EXERCISE GOAL: Your task is to write out the entire listing exactly, omitting its pictures.

SOURCE RECORDS:
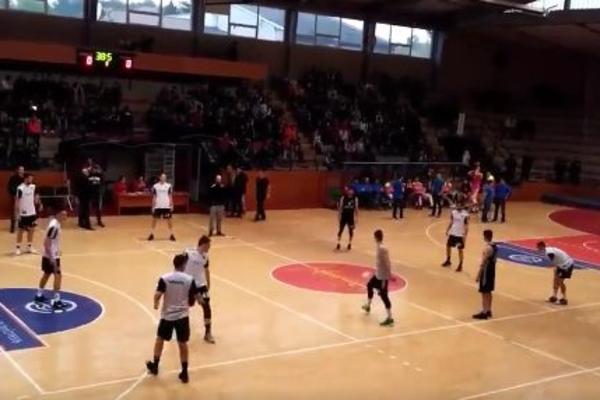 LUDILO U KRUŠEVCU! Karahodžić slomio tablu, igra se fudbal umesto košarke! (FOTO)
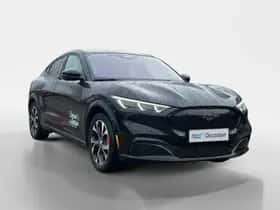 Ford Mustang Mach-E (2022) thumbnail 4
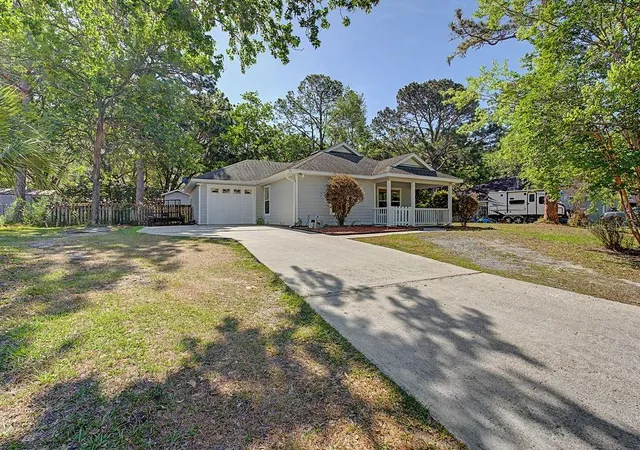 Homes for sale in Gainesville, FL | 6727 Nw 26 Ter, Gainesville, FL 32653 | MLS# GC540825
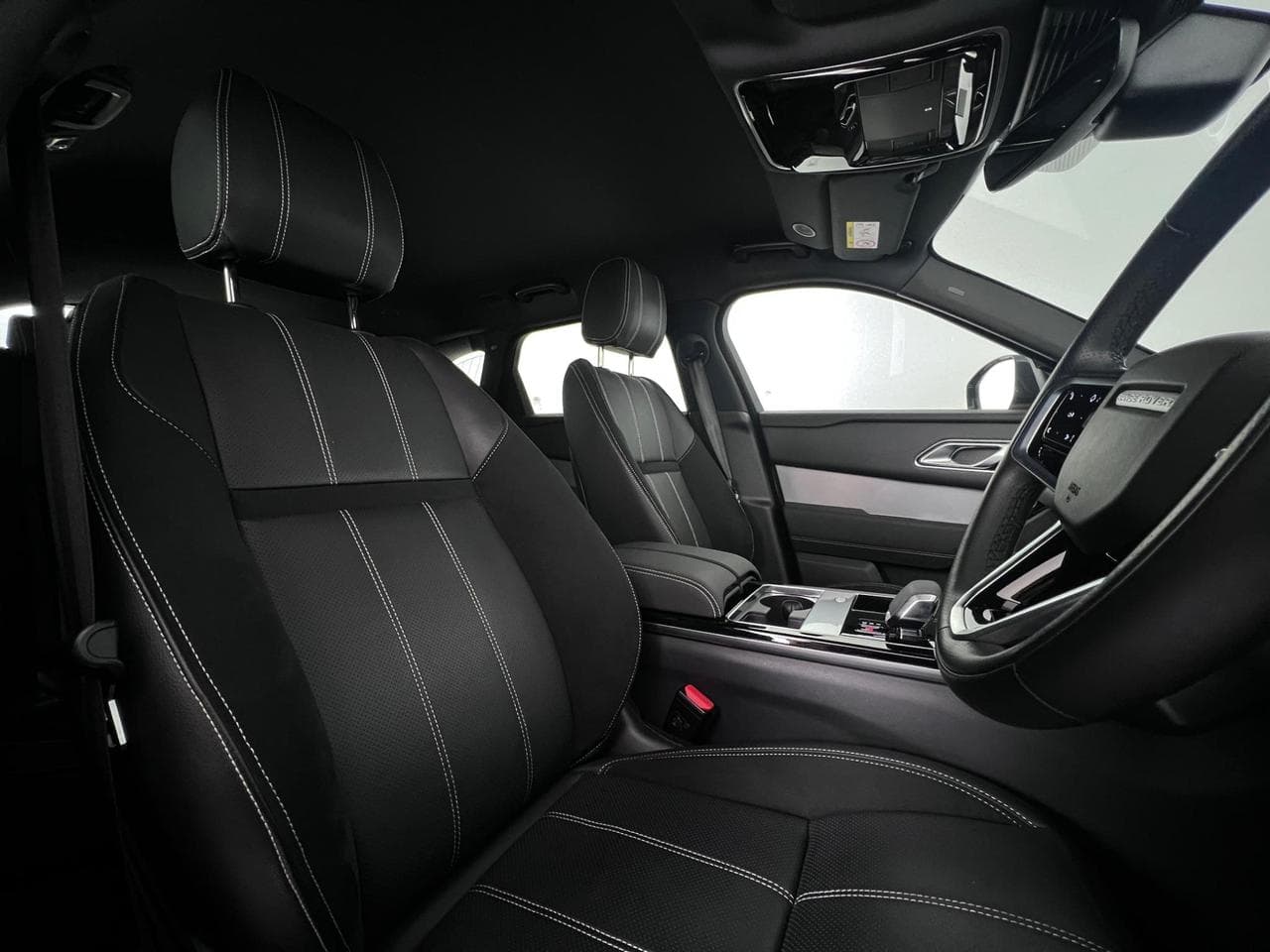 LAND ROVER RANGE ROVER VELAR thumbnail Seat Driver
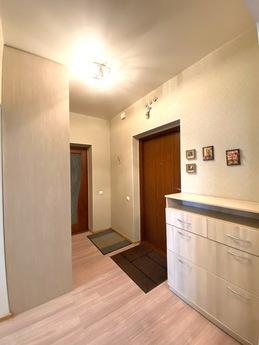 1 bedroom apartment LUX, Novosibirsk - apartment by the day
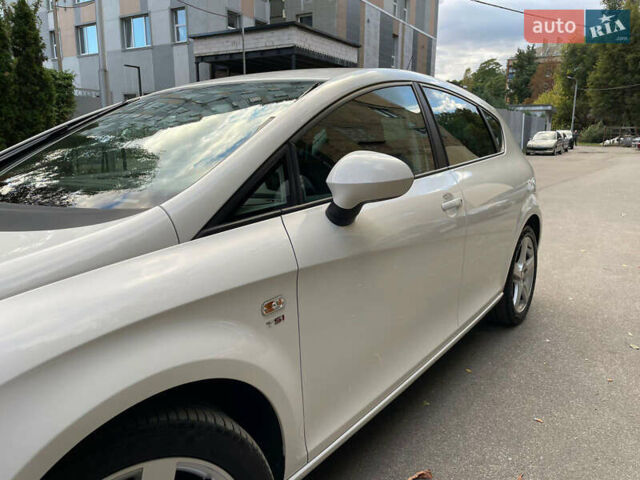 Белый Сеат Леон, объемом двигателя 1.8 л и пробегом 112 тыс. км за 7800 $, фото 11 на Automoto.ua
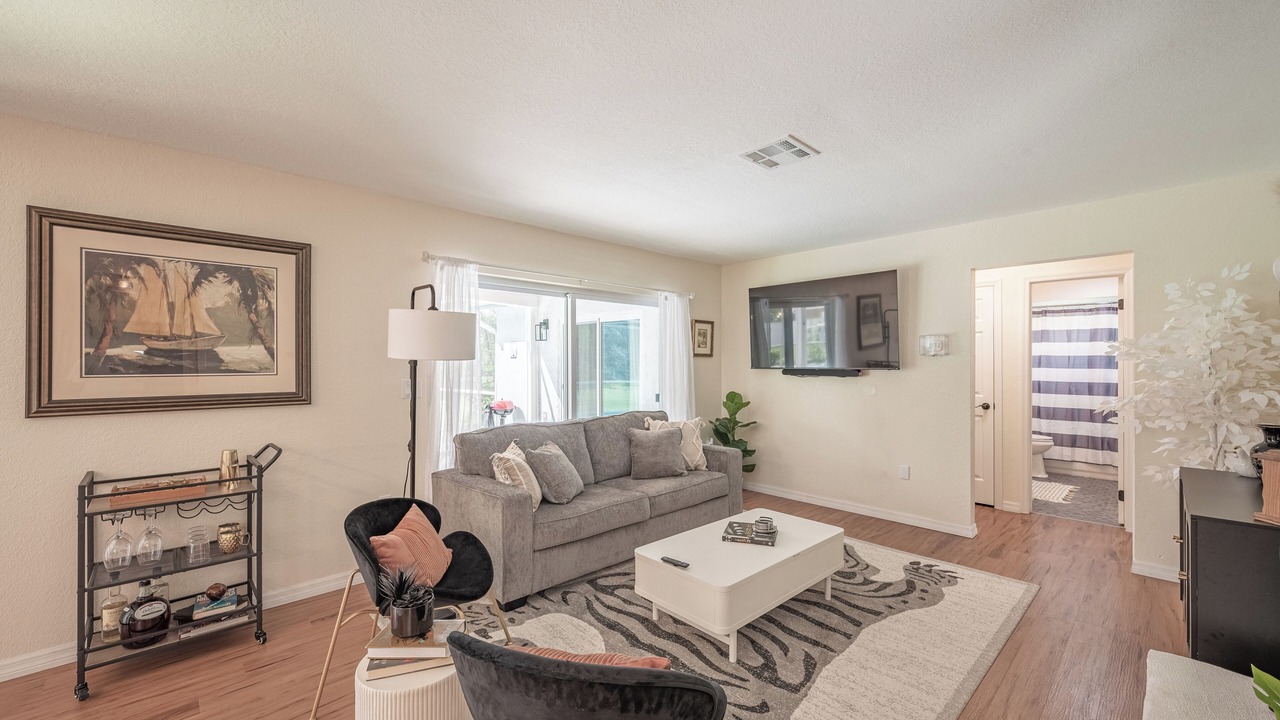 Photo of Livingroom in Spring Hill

RESULT FOR THIS EXERCISE:
 LUDILO U KRUŠEVCU! Karahodžić slomio tablu, igra se fudbal umesto košarke! (FOTO)
 Ford Mustang Mach-E (2022) thumbnail 4
 Homes for sale in Gainesville, FL | 6727 Nw 26 Ter, Gainesville, FL 32653 | MLS# GC540825
 LAND ROVER RANGE ROVER VELAR thumbnail Seat Driver
 1 bedroom apartment LUX, Novosibirsk - apartment by the day
 Белый Сеат Леон, объемом двигателя 1.8 л и пробегом 112 тыс. км за 7800 $, фото 11 на Automoto.ua
 Photo of Livingroom in Spring Hill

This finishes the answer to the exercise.